The System Prompt Leakage category is also more significant in agentic contexts. System prompts increasingly contain not just behavioral instructions but credentials, connection strings, business logic, and the specific names and descriptions of available tools. An attacker who extracts this information knows the exact architecture of the system they are attacking: what tools exist, what permissions they have, and what instructions the model is operating under.

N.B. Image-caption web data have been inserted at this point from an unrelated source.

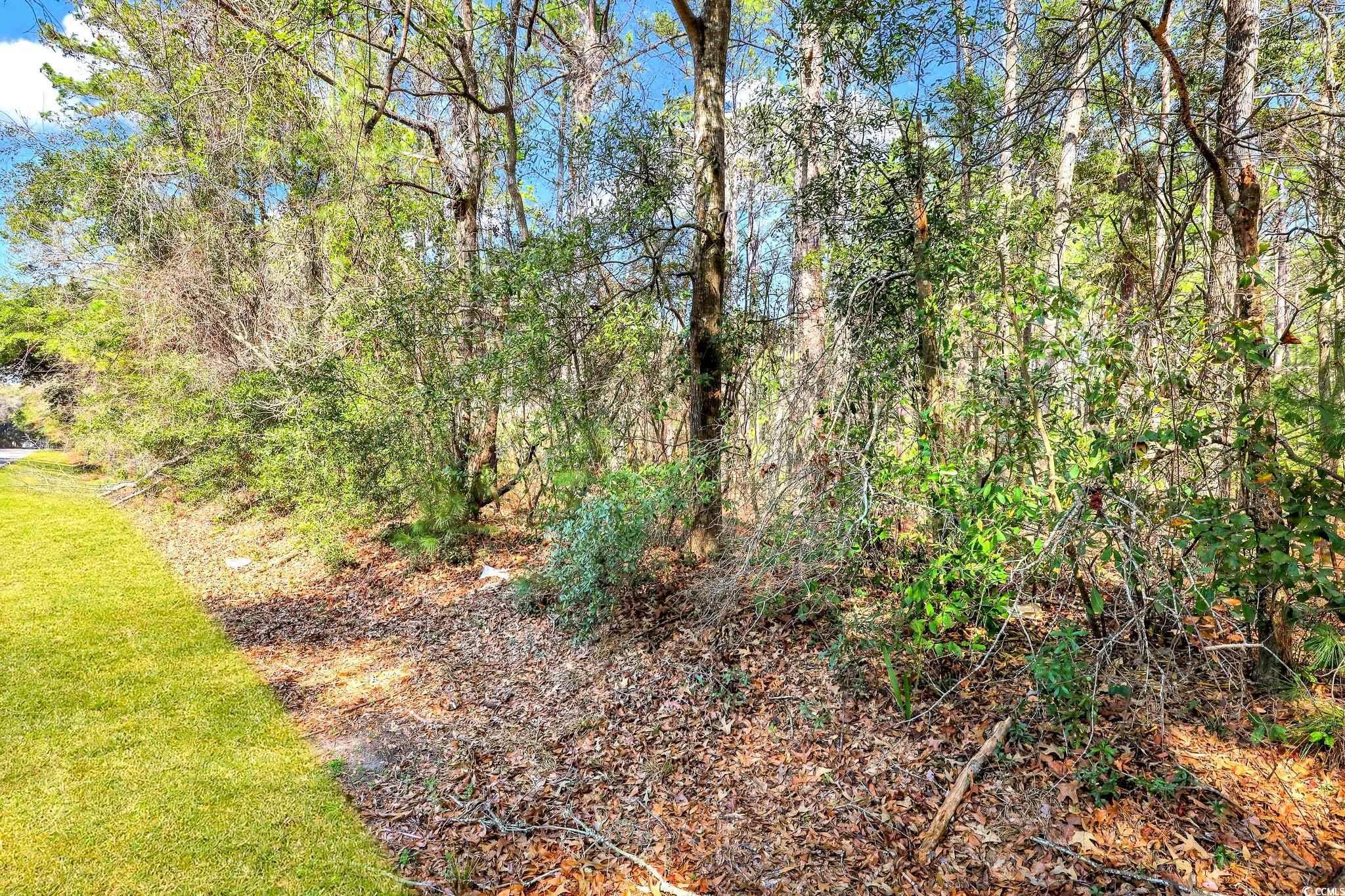 138 Middle Rd. Property Photo 7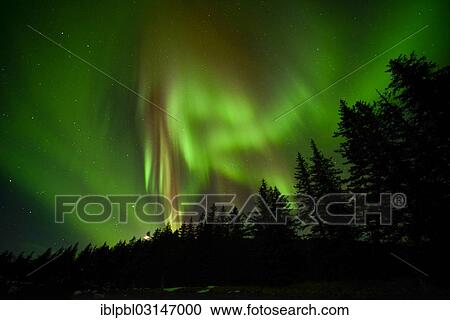 "Northern lights, Aurora Borealis, College Fijord, Prince Willam Sound, Anchorage, Alaska, United States, North America" View Large Photo Image Stock Image - "Northern lights, Aurora Borealis, College Fijord, Prince Willam Sound, Anchorage, Alaska, United States, North America". Fotosearch
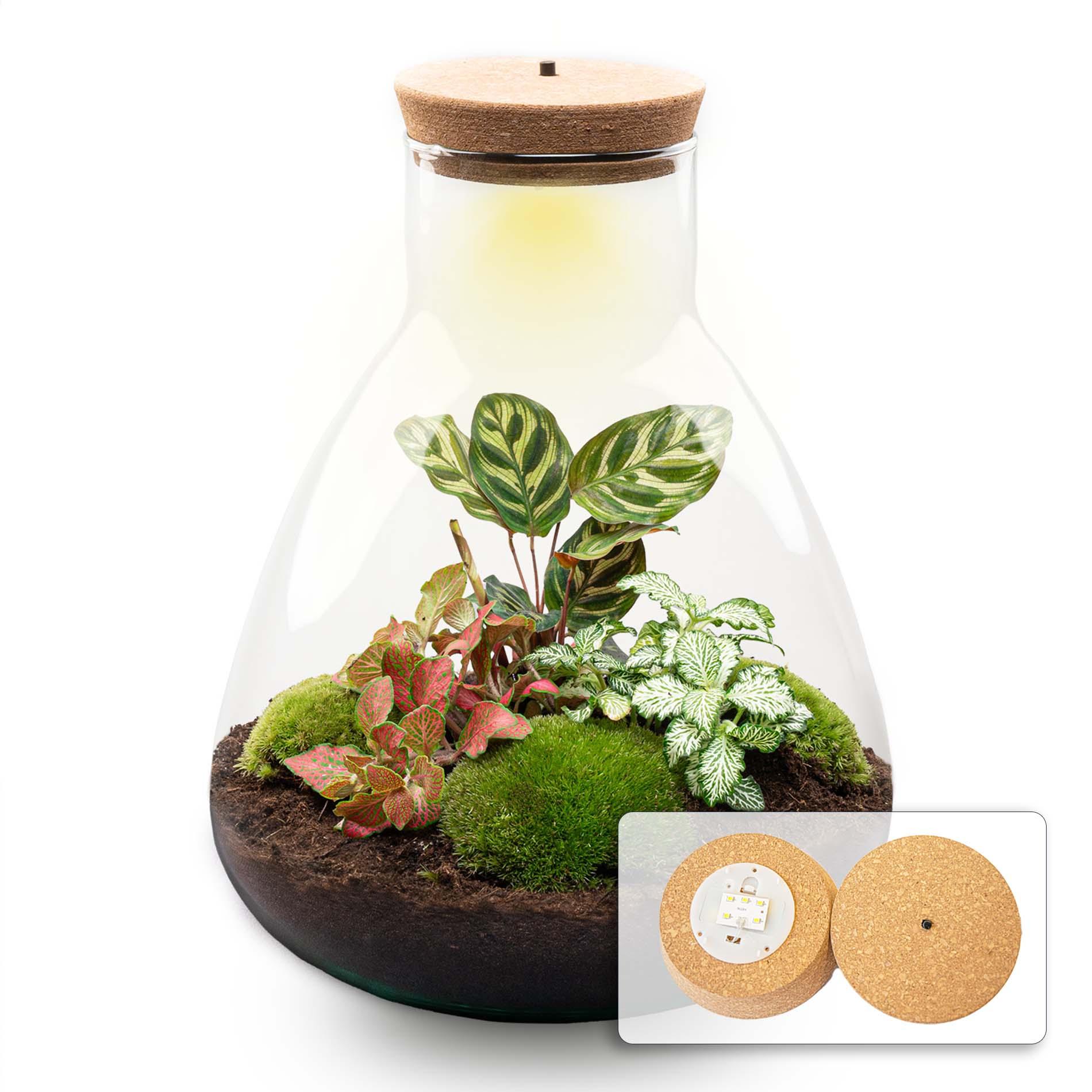 DIY terrarium en pot. Plante verte type DIY terrarium, livrée en pot, idéale pour intérieur lumineux.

Vector and Embedding Weaknesses emerged from the widespread adoption of RAG architectures in agentic systems. When an agent retrieves context from a knowledge base to inform its actions, the trustworthiness of that knowledge base is a security property. A poisoned knowledge base does not just produce misleading text; it can influence the actions an agent takes based on that text, with all the real-world consequences that follow.

Governance and the AI-BOM

The Supply Chain category (LLM03) raises a governance requirement that goes beyond technical controls. Organizations deploying LLM applications need visibility into every component of the AI pipeline: which foundation models they use, who trained them, what data they were trained on, which plugins and integrations are connected, which external APIs and services are called, and which datasets augment the model at runtime.

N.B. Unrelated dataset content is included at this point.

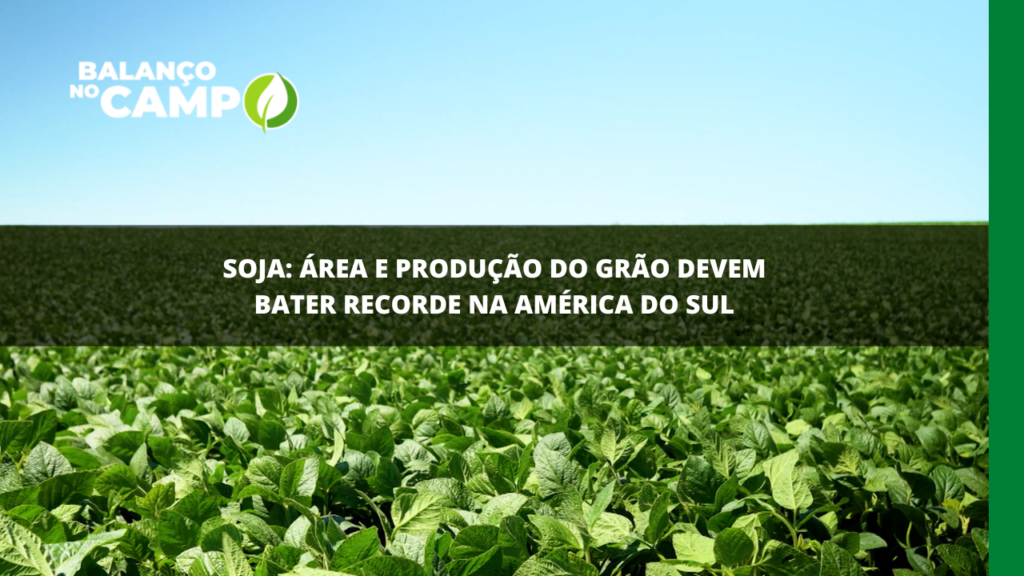 Área e produção de soja devem bater recorde na América do Sul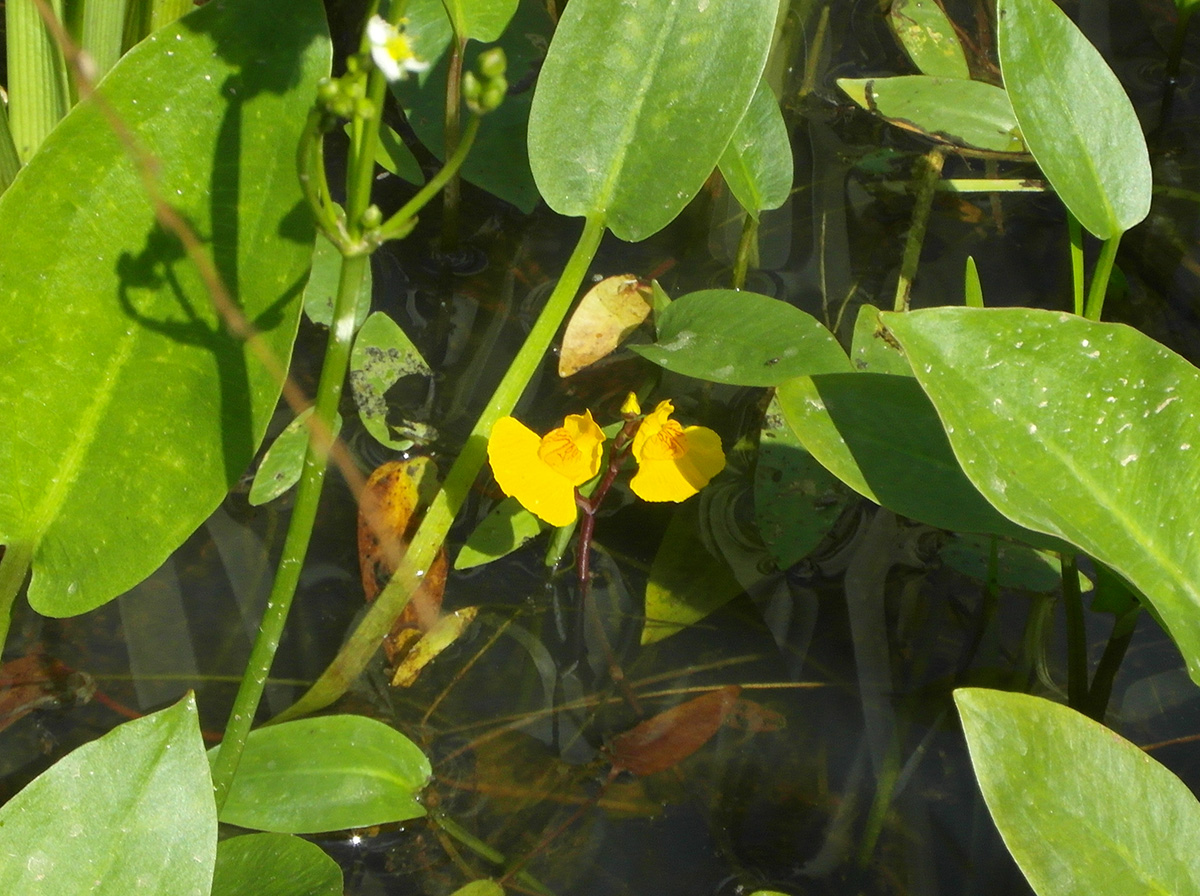 Изображение особи Utricularia australis.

An AI Bill of Materials (AI-BOM) formalizes this visibility. Analogous to the software SBOM that inventories software components and their dependencies, the AI-BOM inventories AI-specific assets: model checksums and versions, training data sources, fine-tuning dataset provenance, plugin and integration manifests, and API endpoint inventory. This documentation enables incident response, supply chain vetting, and regulatory compliance, as AI governance frameworks in the EU AI Act and NIST SP 800-218A increasingly require organizations to document and govern their AI assets.

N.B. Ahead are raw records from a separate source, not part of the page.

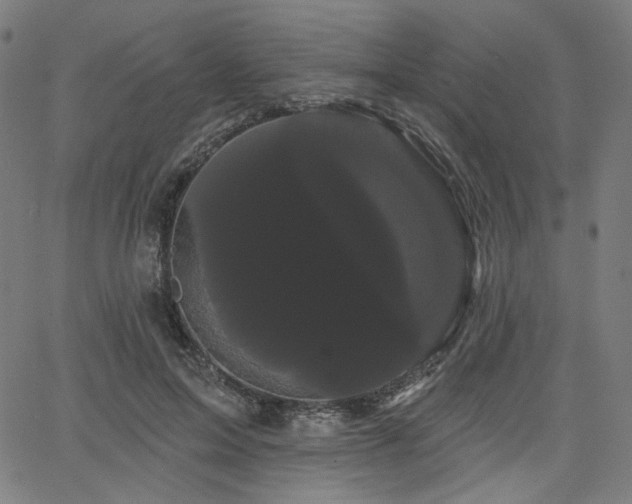 X0000066120599200603101237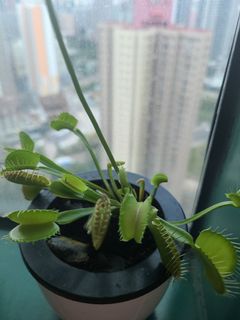 （分類：）位於 。 由 jane00006 提交（商品編號 1088325916，圖片 1）。簡介： 。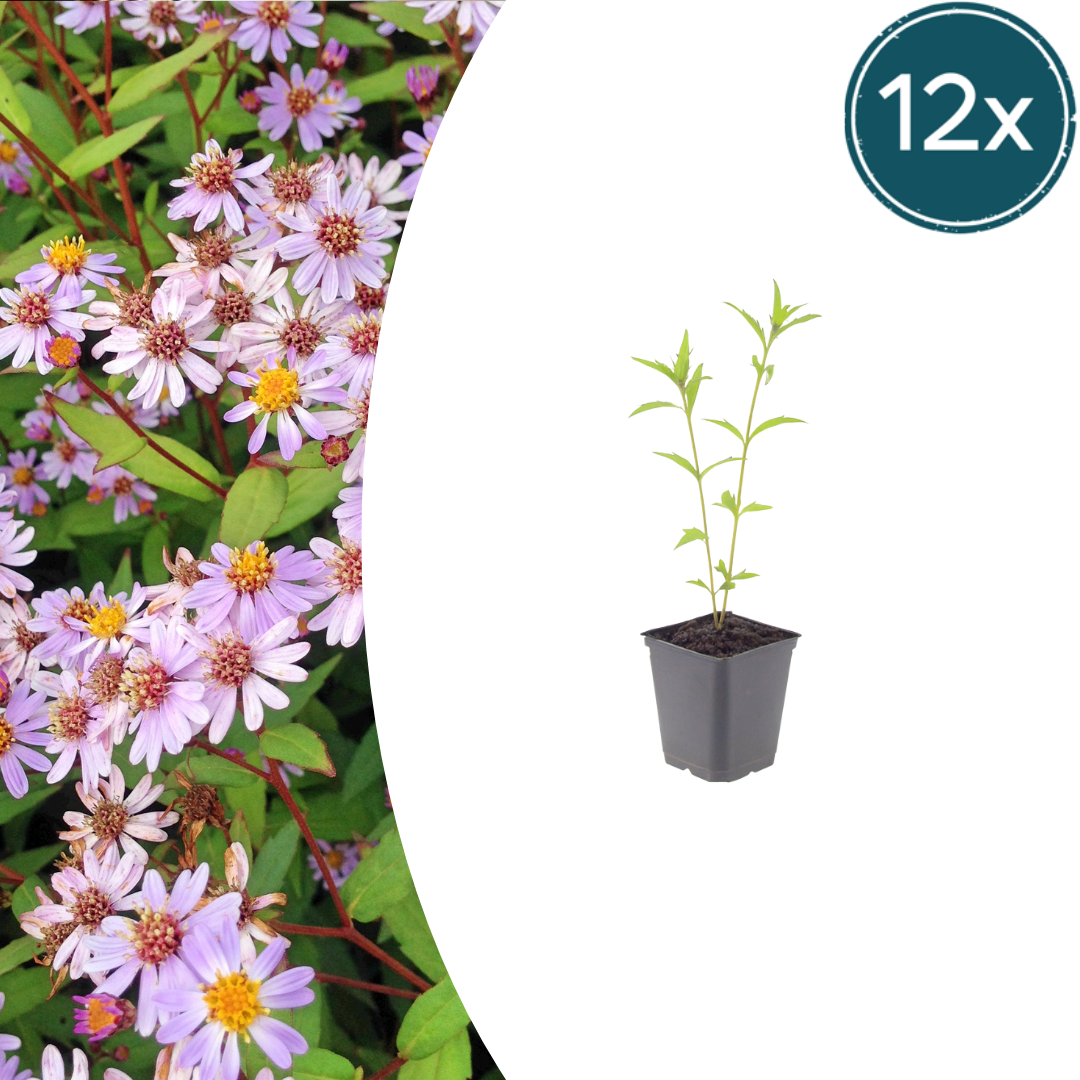 Kalimeris incisa 'Blue Star' (Japanse aster) – 12 planten, Ø9 cm, 10–25 cm hoog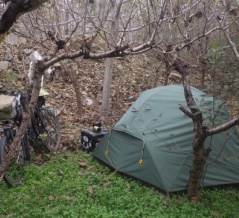 勝手に最高ランクとか決めないで欲しい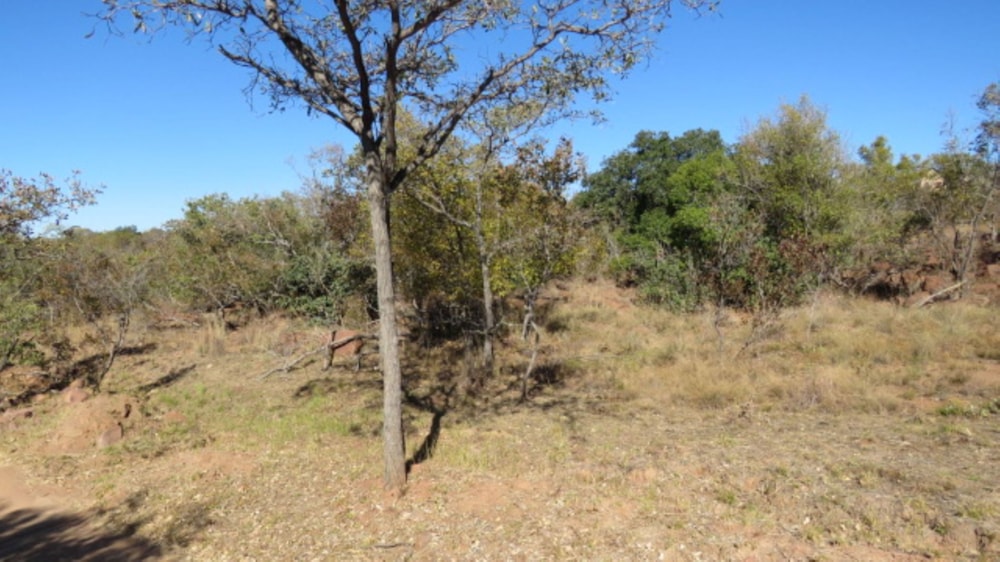 Residential vacant land for sale in Bela Bela Rural - 1MDM1705663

Maintaining an AI-BOM is an ongoing operational task rather than a one-time documentation exercise. Models are updated, plugins are added, data sources change, and integrations evolve. Organizations that treat the AI-BOM as a living inventory maintained alongside their application's development lifecycle are positioned to respond to AI-specific security incidents with the same efficiency as software supply chain incidents.

Using the Top 10 for application review

The practical application of the OWASP LLM Top 10 is as a structured review checklist for LLM-powered applications before and after deployment. A review against the framework considers each category in turn: For Prompt Injection — does the application pass untrusted external content to the model, and are the model's actions minimized to what is strictly necessary? For Sensitive Information Disclosure — has the system prompt been audited for sensitive information, and has the application been tested with queries designed to extract training data? For Supply Chain — is there an inventory of all model providers, plugins, and data sources, with versions pinned and checksums verified?

For Data and Model Poisoning — are fine-tuning datasets from verified, controlled sources, and is the RAG knowledge base access-controlled and integrity-monitored? For Improper Output Handling — are model outputs that will be passed to downstream systems sanitized? For Excessive Agency — do agents have only the minimum tool access their task requires, and do high-impact actions require human confirmation? For System Prompt Leakage — does the system prompt contain credentials or sensitive business logic that should be stored elsewhere? For Vector and Embedding Weaknesses — who can write to the vector database, and is the knowledge base integrity monitored? For Misinformation — are there human-in-the-loop checkpoints for decisions that rely on model-generated factual claims? For Unbounded Consumption — are there rate limits on inference calls, and are agent loops bounded?

This structured review does not catch every possible vulnerability, but it ensures that the most significant LLM-specific risk categories have been considered and addressed before users are exposed.